- Prompt -
The expected output is the line with "casa indipendente in vendita a Bondeno" plus all lines after it to the end of the material below, reproduced exactly, with pictures omitted and nothing else included.
-- Opening Marker --
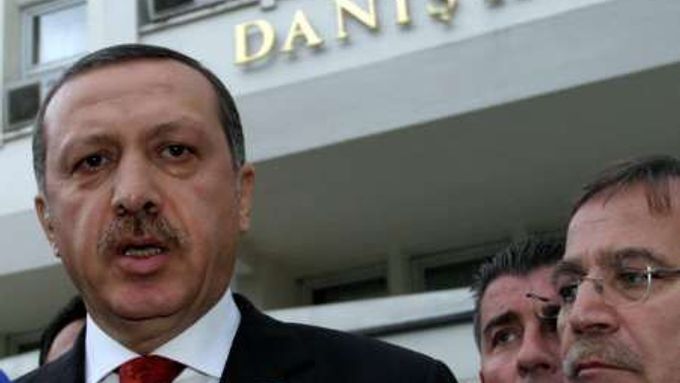 Turecký premiér tlačí na integraci své země do EU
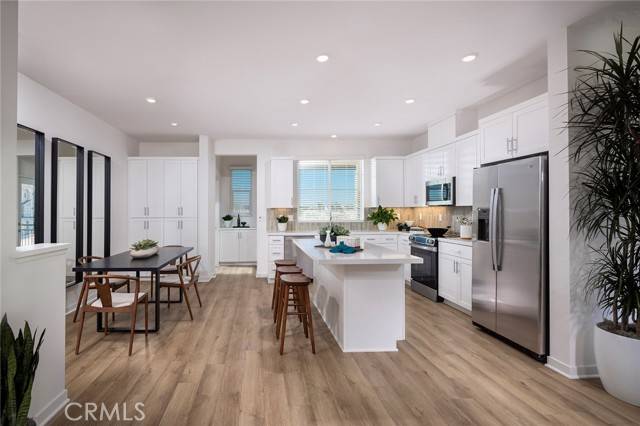 Eastvale, CA 92880,6064 Bryce DR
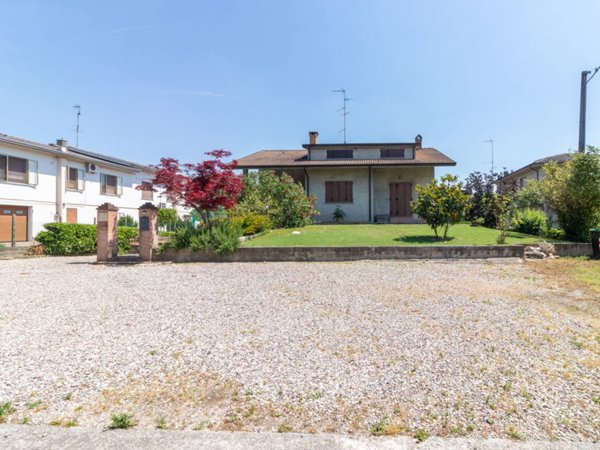 casa indipendente in vendita a Bondeno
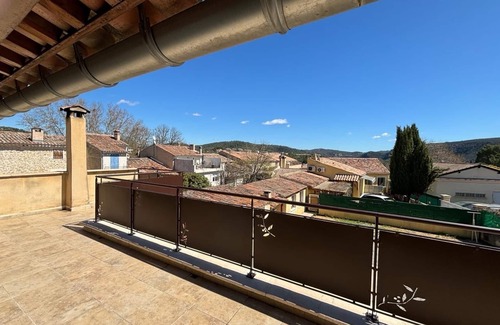 Greoux-les-Bains Apartment | Logement Cosy Avec vue au Centre du Village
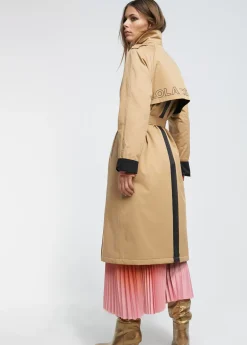 Gabardina detalle logo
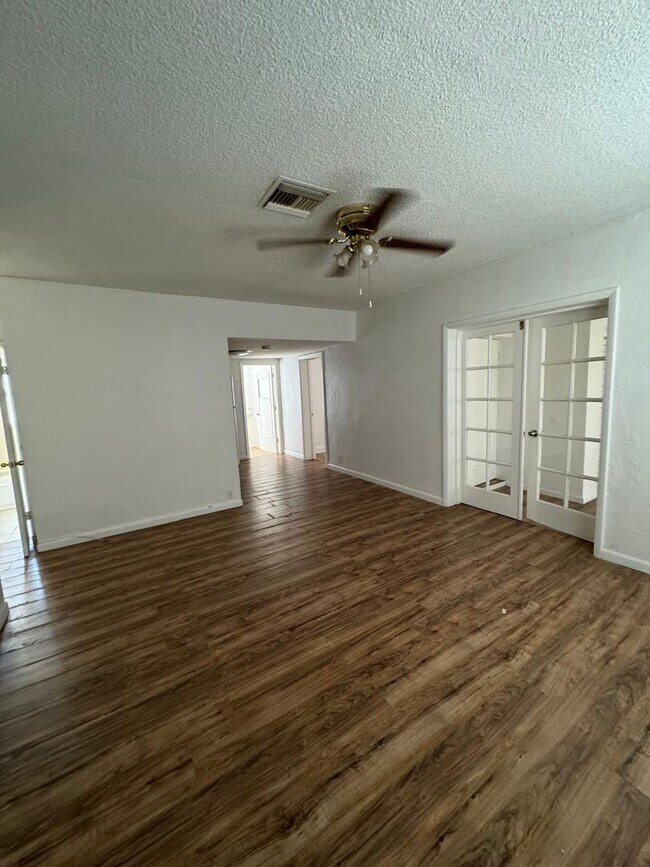 Foto del edificio - Spacious 4BR Home | Private Yard | Great L...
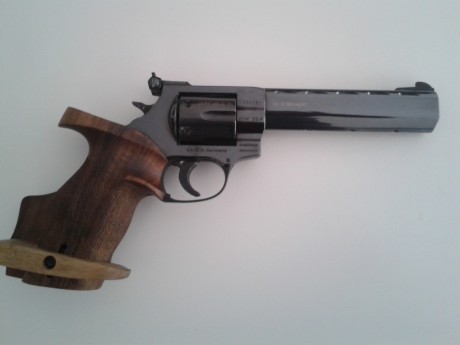 Vendo Revolver Weihrauch  en calibre 32. Se puede ver y probar  en Madrid. No estoy interesado en cambios 02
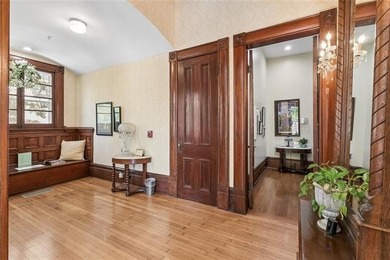 Exceptional historic residence on iconic St. Charles Avenue - photo 6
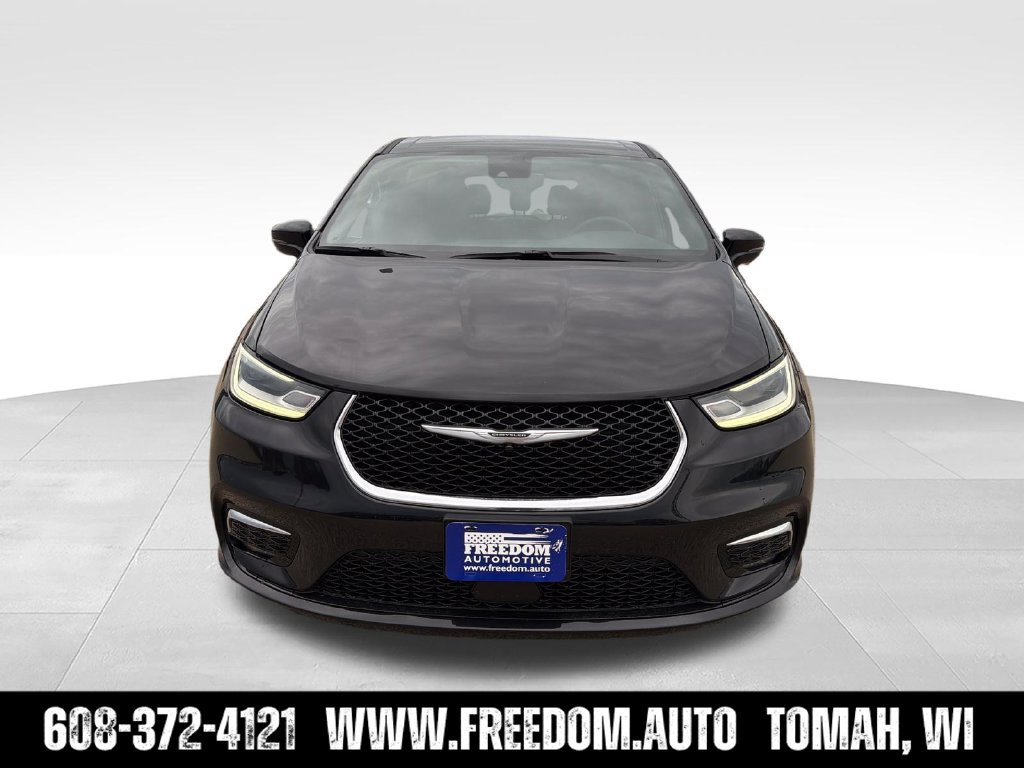 Used 2025 Chrysler Pacifica Select FWD image 12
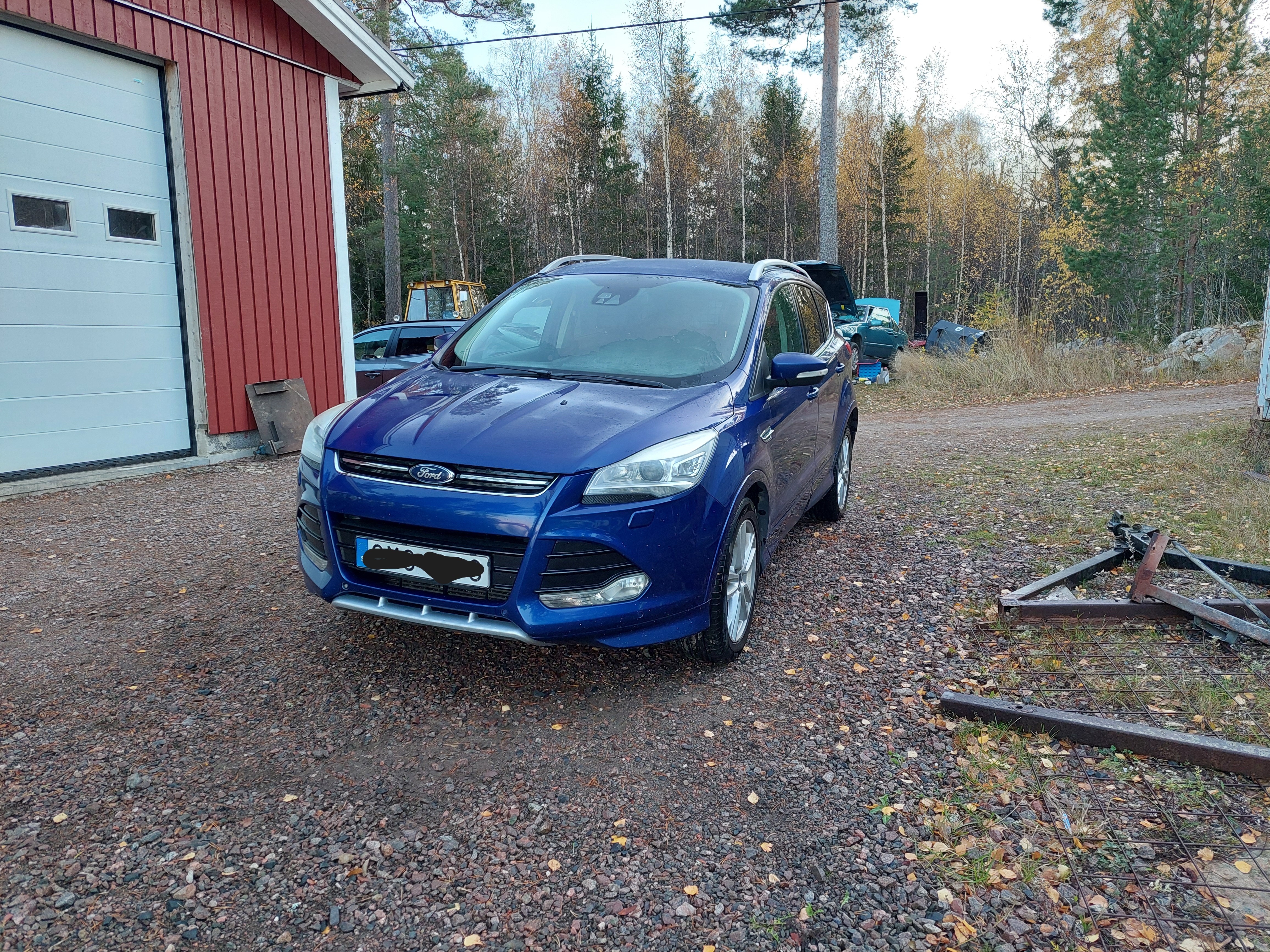 Ford Kuga 2.0 TDCi 2014, bild 2/8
-- Closing Marker --
- Problem solution -
 casa indipendente in vendita a Bondeno
 Greoux-les-Bains Apartment | Logement Cosy Avec vue au Centre du Village
 Gabardina detalle logo
 Foto del edificio - Spacious 4BR Home | Private Yard | Great L...
 Vendo Revolver Weihrauch  en calibre 32. Se puede ver y probar  en Madrid. No estoy interesado en cambios 02
 Exceptional historic residence on iconic St. Charles Avenue - photo 6
 Used 2025 Chrysler Pacifica Select FWD image 12
 Ford Kuga 2.0 TDCi 2014, bild 2/8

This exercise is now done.